(Stored entries)
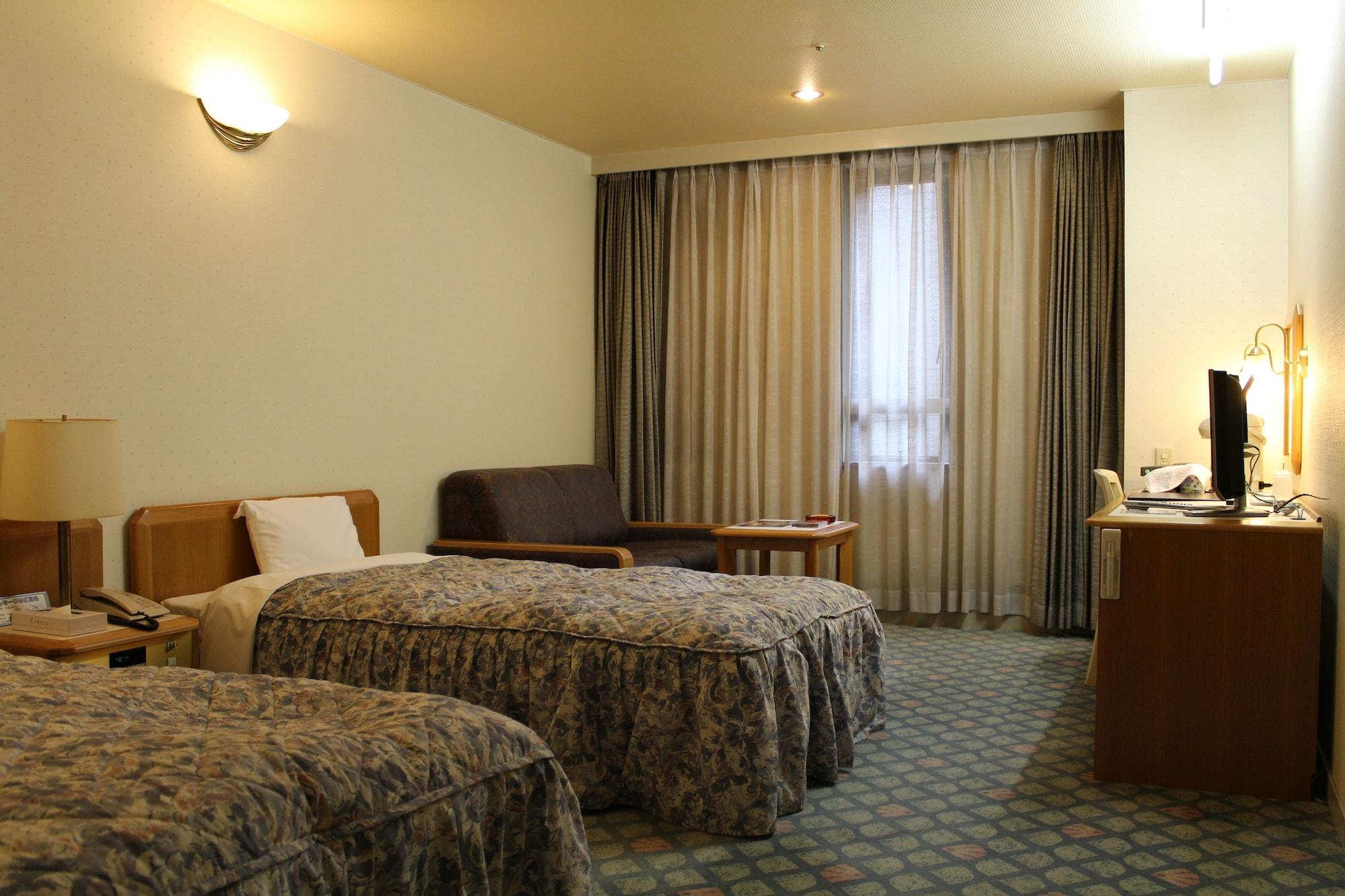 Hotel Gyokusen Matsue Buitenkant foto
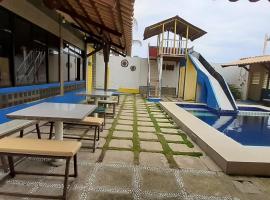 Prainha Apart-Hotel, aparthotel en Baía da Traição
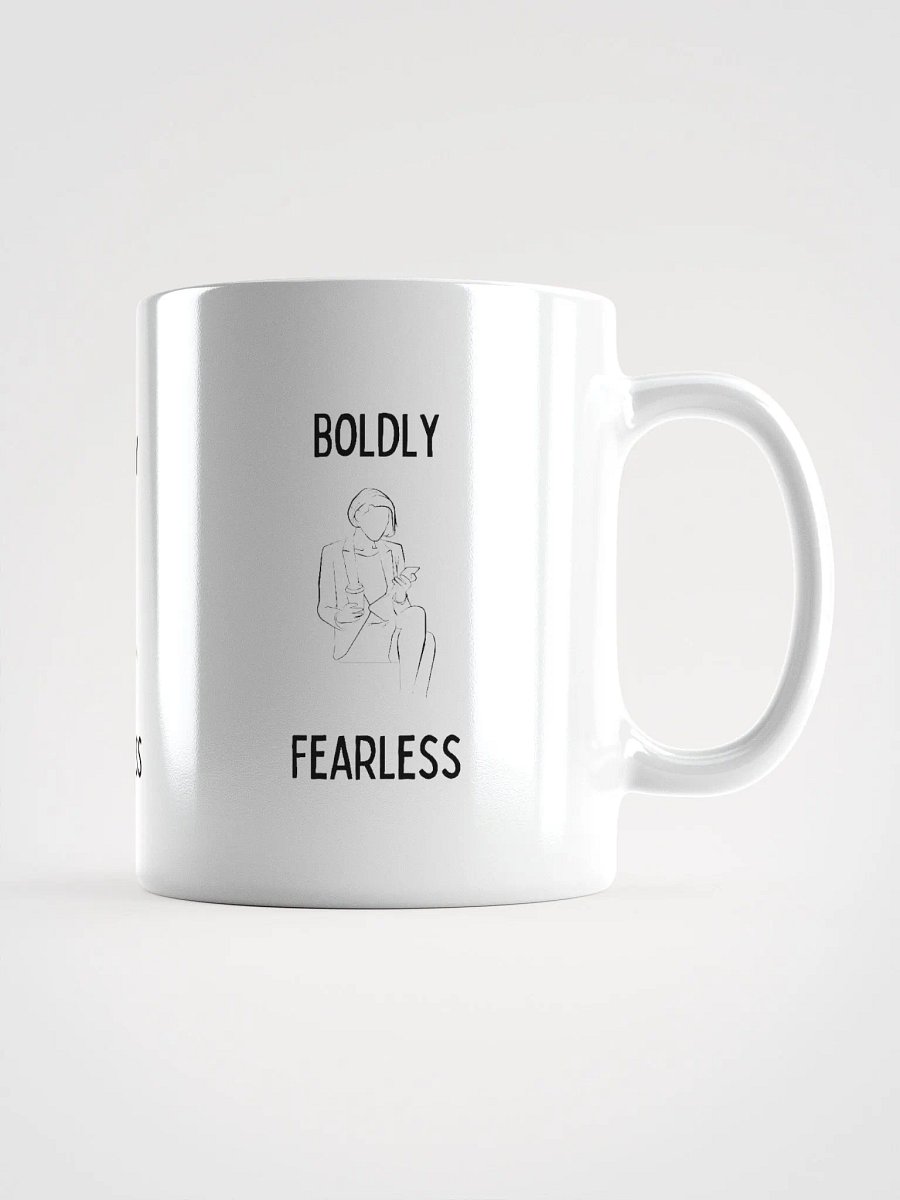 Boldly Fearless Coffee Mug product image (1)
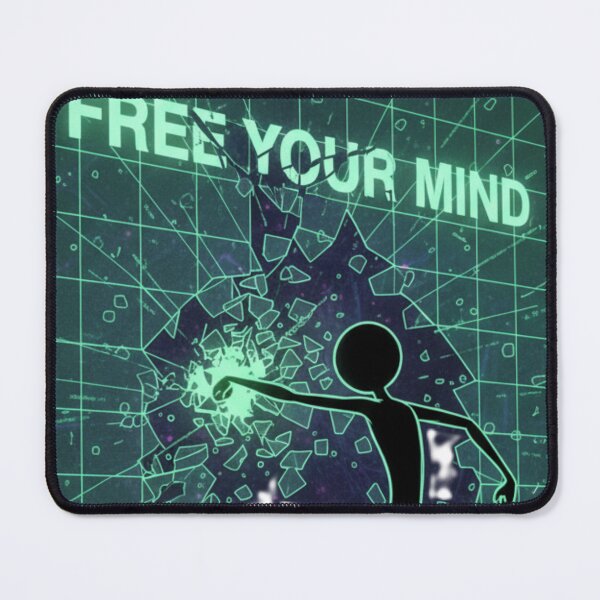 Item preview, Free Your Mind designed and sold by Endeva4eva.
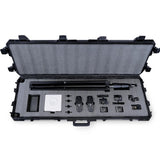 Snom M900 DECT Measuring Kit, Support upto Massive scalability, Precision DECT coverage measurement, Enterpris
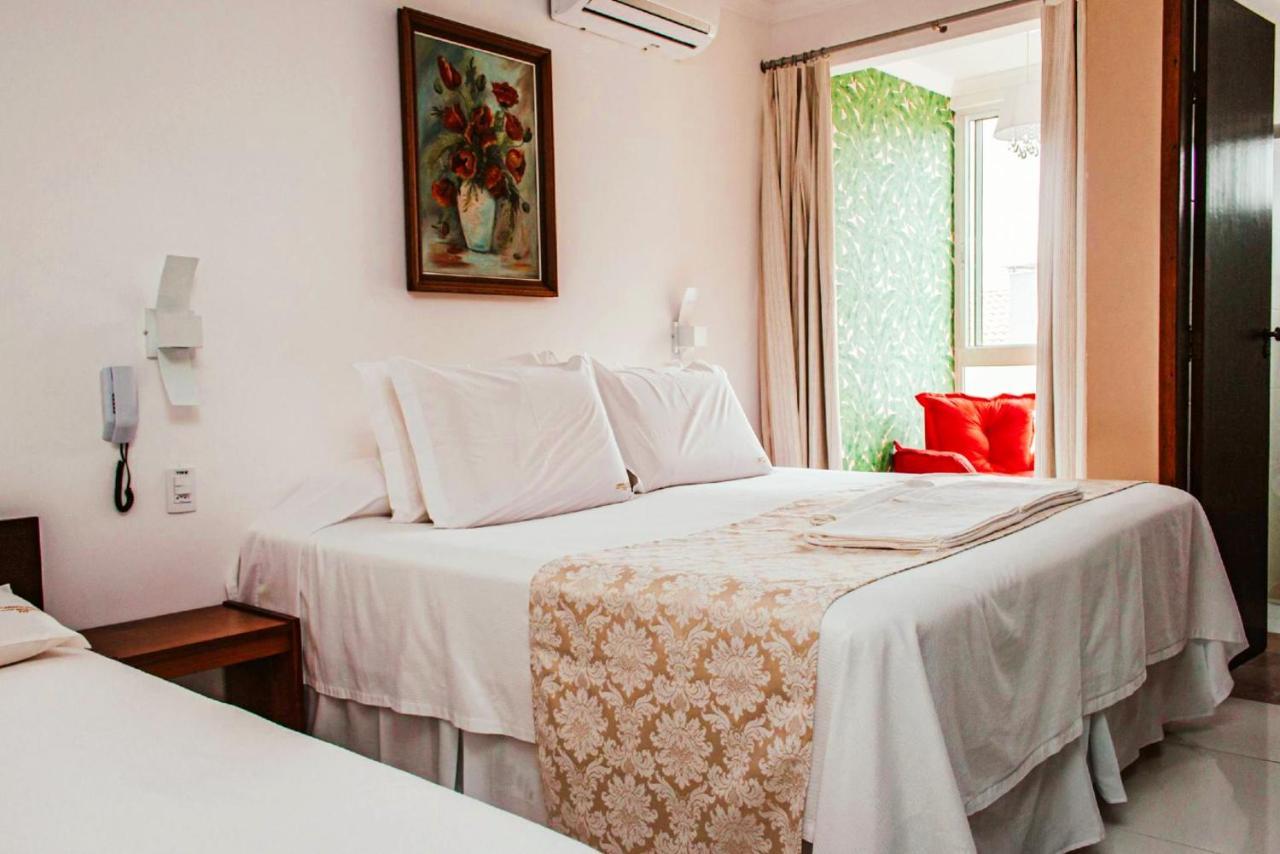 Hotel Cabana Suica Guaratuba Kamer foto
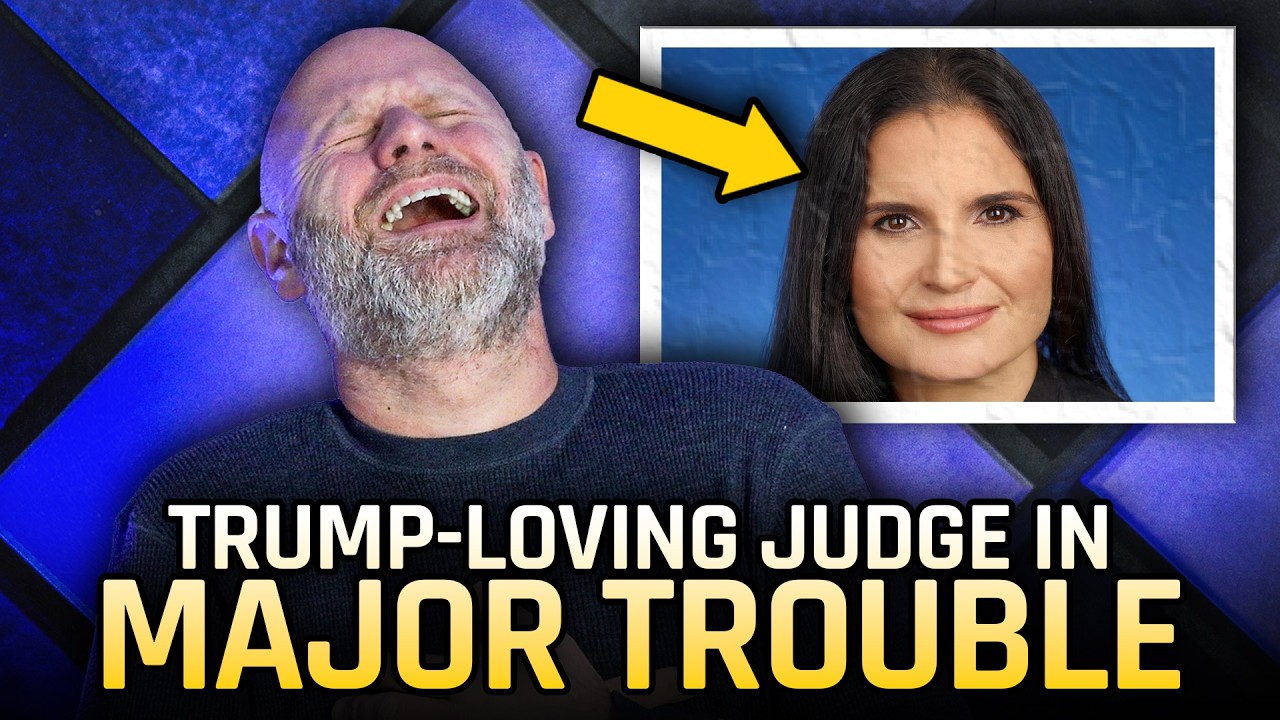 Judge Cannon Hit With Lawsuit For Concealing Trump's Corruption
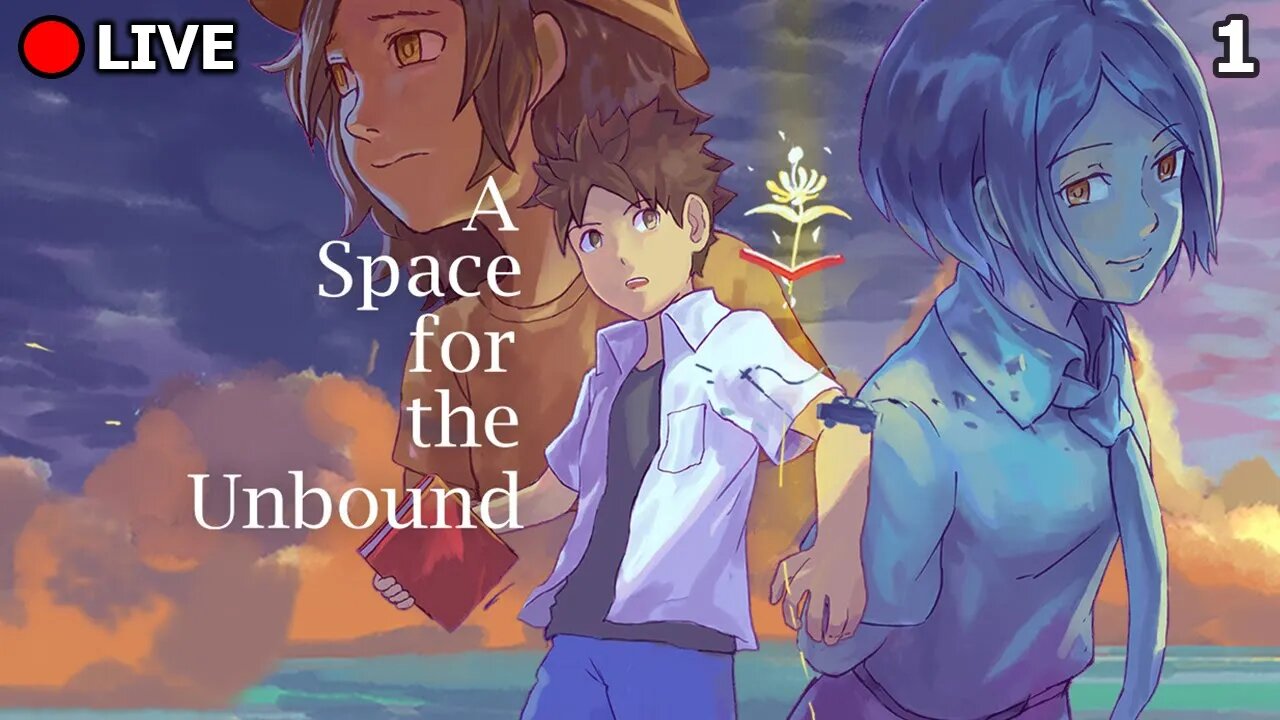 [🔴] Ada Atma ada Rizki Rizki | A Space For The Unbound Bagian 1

Your goal:
Transcribe the records above verbatim. Do not carry over any picture.

Exercise answer:
 Hotel Gyokusen Matsue Buitenkant foto
 Prainha Apart-Hotel, aparthotel en Baía da Traição
 Boldly Fearless Coffee Mug product image (1)
 Item preview, Free Your Mind designed and sold by Endeva4eva.
 Snom M900 DECT Measuring Kit, Support upto Massive scalability, Precision DECT coverage measurement, Enterpris
 Hotel Cabana Suica Guaratuba Kamer foto
 Judge Cannon Hit With Lawsuit For Concealing Trump's Corruption
 [🔴] Ada Atma ada Rizki Rizki | A Space For The Unbound Bagian 1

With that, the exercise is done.